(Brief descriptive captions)
########
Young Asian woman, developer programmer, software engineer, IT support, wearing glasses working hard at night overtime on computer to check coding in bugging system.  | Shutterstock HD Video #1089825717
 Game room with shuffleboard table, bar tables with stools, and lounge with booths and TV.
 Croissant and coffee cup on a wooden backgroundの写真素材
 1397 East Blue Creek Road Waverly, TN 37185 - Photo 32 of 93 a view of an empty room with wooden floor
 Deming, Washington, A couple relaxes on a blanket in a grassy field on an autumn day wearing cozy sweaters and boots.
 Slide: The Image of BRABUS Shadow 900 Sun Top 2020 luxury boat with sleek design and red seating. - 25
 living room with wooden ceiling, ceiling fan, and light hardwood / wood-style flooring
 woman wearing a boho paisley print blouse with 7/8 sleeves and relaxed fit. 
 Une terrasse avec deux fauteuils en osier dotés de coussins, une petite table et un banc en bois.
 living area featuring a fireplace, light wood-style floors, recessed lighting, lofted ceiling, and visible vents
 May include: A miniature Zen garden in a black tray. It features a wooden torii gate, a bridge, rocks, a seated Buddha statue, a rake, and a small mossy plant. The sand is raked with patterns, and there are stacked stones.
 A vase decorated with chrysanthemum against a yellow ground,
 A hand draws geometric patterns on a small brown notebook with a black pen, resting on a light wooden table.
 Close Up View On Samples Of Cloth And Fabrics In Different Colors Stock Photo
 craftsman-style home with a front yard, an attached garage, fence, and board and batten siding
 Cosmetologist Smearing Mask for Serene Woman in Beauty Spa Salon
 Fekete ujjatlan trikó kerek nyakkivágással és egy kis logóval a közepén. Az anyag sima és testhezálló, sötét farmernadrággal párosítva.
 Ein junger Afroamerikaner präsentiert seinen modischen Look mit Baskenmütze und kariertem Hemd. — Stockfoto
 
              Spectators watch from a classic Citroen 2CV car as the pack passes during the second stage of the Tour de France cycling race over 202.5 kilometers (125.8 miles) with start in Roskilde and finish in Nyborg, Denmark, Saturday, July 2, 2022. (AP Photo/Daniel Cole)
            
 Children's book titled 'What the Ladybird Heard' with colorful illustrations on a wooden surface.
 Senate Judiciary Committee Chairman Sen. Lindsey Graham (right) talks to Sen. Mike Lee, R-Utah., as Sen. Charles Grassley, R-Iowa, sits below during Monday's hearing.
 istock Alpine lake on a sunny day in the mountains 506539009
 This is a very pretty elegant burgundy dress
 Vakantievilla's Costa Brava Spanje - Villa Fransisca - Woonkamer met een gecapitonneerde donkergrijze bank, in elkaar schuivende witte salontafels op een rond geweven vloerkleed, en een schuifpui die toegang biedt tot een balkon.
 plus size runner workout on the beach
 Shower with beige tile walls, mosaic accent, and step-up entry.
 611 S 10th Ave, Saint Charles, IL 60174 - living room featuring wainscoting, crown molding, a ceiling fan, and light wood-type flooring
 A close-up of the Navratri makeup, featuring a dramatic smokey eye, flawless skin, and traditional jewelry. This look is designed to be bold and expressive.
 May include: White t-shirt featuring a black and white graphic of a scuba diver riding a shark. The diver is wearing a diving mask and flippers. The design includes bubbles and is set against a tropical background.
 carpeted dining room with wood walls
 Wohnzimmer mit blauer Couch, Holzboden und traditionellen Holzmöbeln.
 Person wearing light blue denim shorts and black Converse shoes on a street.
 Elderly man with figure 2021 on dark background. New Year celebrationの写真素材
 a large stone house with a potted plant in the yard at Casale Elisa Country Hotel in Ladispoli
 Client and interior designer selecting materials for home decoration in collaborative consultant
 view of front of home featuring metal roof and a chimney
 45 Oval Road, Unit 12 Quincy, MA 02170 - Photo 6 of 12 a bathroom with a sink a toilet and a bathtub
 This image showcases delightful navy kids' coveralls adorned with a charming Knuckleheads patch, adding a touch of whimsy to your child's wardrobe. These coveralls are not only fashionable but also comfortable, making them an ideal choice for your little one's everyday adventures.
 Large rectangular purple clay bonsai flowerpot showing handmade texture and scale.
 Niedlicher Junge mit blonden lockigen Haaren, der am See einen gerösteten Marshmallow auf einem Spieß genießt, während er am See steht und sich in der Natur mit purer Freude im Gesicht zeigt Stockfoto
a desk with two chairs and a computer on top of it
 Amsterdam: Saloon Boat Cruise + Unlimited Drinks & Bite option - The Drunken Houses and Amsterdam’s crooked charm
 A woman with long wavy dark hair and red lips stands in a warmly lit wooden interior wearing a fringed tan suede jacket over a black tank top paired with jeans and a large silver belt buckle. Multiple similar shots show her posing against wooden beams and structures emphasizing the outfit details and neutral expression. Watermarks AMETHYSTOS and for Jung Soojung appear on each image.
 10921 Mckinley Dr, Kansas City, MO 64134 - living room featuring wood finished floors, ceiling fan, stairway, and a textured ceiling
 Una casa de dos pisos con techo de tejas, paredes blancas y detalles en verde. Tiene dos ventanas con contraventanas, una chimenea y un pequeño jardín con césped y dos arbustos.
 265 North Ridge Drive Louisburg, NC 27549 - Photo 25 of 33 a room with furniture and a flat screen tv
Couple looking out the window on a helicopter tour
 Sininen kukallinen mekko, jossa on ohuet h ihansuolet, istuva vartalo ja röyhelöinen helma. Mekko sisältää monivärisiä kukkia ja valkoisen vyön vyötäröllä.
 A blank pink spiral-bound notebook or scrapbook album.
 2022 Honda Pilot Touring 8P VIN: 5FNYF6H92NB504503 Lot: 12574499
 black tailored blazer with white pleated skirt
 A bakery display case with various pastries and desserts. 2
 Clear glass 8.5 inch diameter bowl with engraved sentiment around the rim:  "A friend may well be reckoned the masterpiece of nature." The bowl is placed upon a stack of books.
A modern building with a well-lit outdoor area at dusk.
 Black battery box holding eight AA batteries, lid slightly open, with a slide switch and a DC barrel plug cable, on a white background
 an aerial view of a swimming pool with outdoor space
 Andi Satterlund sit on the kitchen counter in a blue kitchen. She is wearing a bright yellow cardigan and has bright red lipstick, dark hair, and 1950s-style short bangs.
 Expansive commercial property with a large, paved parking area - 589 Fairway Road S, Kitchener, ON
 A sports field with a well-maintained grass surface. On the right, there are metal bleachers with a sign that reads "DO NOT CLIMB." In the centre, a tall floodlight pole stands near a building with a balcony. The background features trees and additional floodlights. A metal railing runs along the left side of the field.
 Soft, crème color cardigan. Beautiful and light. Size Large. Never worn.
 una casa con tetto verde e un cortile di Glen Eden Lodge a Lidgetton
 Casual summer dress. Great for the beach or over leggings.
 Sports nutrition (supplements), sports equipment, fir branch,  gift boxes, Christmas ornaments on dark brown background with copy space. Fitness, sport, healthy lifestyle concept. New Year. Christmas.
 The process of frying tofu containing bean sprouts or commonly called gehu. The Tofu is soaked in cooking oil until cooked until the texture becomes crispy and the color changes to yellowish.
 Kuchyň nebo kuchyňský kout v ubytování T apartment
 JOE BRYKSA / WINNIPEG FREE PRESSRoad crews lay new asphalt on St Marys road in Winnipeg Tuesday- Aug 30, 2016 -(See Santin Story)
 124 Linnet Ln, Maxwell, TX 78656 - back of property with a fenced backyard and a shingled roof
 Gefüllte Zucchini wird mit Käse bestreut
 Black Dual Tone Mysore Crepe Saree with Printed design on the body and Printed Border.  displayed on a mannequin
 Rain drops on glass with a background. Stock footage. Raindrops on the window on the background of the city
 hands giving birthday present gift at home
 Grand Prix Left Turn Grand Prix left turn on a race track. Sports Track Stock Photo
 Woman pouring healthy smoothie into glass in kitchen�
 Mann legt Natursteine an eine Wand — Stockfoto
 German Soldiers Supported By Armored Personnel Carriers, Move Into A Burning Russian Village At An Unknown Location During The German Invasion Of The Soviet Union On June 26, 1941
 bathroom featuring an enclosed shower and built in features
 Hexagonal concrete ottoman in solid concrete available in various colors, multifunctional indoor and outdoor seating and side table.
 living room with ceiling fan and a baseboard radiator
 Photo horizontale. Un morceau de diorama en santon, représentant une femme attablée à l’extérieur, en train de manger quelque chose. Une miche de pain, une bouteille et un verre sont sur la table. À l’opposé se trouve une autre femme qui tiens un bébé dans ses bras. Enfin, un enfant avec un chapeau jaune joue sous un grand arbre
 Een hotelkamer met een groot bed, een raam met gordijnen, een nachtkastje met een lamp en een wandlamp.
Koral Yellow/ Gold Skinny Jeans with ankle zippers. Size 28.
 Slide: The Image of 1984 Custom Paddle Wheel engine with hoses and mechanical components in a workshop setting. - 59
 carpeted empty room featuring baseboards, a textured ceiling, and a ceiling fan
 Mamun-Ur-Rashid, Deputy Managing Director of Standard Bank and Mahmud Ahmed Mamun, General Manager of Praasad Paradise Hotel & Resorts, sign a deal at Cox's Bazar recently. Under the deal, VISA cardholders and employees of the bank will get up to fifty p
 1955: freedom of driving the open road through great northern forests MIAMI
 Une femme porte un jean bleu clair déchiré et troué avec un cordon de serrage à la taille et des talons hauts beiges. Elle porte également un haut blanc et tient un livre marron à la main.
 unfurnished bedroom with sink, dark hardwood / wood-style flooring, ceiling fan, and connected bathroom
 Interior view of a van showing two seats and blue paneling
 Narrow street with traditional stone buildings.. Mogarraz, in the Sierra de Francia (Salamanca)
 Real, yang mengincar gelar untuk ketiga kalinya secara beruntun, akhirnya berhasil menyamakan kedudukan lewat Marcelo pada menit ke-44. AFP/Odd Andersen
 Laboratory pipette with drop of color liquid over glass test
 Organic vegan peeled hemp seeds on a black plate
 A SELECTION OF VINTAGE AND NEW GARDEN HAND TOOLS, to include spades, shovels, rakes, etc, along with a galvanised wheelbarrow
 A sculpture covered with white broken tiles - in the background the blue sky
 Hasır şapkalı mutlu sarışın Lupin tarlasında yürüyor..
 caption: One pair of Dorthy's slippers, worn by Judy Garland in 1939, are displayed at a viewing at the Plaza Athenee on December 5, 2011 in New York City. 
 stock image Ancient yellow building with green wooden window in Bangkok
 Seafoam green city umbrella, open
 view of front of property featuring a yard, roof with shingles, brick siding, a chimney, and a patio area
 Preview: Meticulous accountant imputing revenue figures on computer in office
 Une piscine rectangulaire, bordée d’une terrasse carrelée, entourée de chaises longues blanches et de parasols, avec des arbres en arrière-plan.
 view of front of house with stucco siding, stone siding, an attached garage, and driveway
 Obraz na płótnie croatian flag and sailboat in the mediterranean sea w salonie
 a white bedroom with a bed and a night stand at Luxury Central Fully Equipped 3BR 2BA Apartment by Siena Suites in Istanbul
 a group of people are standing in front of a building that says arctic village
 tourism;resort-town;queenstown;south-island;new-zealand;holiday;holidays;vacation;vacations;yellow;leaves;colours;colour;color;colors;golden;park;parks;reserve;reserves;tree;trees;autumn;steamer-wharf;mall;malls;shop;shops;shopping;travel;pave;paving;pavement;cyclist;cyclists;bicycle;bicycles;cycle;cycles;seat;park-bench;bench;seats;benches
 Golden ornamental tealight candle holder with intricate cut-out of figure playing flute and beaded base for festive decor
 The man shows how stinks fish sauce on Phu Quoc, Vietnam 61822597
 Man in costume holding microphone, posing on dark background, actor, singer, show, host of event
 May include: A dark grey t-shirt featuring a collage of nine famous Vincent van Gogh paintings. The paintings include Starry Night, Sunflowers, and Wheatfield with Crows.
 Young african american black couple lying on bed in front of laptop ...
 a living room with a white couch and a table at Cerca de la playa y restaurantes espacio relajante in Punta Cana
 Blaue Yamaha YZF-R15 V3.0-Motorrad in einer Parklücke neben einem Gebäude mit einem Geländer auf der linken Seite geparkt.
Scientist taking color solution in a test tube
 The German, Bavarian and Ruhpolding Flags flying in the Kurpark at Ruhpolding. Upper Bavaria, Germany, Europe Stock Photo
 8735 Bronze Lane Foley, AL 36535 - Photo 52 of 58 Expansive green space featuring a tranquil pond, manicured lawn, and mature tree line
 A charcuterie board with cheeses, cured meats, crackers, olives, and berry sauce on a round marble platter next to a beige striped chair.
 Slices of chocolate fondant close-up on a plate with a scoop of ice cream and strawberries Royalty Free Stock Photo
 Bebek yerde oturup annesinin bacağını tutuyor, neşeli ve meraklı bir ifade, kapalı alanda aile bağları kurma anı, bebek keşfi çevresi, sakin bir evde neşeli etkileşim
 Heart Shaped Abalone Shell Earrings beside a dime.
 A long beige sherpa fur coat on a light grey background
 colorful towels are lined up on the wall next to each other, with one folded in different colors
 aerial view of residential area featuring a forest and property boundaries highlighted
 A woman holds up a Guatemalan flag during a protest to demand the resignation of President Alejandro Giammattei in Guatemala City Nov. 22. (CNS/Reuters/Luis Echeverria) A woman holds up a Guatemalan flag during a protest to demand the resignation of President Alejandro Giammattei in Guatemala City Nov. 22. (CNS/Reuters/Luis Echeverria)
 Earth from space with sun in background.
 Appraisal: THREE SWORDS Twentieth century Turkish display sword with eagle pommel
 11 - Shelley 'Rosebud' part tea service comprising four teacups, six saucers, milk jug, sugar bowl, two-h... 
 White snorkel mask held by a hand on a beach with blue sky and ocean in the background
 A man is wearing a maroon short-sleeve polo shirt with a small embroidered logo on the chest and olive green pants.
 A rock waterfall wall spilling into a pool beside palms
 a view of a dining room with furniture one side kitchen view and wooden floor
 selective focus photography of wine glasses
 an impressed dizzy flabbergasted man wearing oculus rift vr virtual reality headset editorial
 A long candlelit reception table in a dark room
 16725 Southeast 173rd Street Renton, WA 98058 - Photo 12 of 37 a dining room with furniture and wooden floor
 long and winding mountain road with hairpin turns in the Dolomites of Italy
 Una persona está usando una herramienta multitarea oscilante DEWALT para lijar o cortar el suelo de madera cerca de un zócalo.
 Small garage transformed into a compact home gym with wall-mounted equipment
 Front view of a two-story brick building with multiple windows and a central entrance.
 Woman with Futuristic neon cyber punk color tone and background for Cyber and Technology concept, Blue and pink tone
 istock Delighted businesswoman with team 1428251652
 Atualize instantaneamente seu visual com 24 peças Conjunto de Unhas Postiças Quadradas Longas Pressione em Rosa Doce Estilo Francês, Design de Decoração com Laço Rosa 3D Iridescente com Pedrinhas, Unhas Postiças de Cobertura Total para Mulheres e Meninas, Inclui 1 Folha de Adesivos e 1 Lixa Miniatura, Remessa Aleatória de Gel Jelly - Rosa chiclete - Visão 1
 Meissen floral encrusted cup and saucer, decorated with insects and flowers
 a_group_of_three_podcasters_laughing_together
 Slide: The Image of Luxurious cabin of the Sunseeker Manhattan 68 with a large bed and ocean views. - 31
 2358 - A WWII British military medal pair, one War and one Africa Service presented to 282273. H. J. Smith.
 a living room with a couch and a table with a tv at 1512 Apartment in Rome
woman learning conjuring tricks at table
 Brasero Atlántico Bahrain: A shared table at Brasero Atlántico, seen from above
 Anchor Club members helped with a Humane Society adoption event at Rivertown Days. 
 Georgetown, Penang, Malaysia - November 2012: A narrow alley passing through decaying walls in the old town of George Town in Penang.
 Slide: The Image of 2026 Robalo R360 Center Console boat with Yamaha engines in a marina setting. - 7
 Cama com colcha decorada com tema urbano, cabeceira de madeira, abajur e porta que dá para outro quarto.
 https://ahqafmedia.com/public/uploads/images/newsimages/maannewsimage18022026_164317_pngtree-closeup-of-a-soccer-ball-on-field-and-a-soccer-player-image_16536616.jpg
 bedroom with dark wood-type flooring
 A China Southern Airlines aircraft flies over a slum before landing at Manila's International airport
########
EXERCISE AIM
Transcribe verbatim. Cover the lines from the first line of the entries above to the line containing "Game room with", inclusive.

FINISHED EXERCISE
Young Asian woman, developer programmer, software engineer, IT support, wearing glasses working hard at night overtime on computer to check coding in bugging system.  | Shutterstock HD Video #1089825717
 Game room with shuffleboard table, bar tables with stools, and lounge with booths and TV.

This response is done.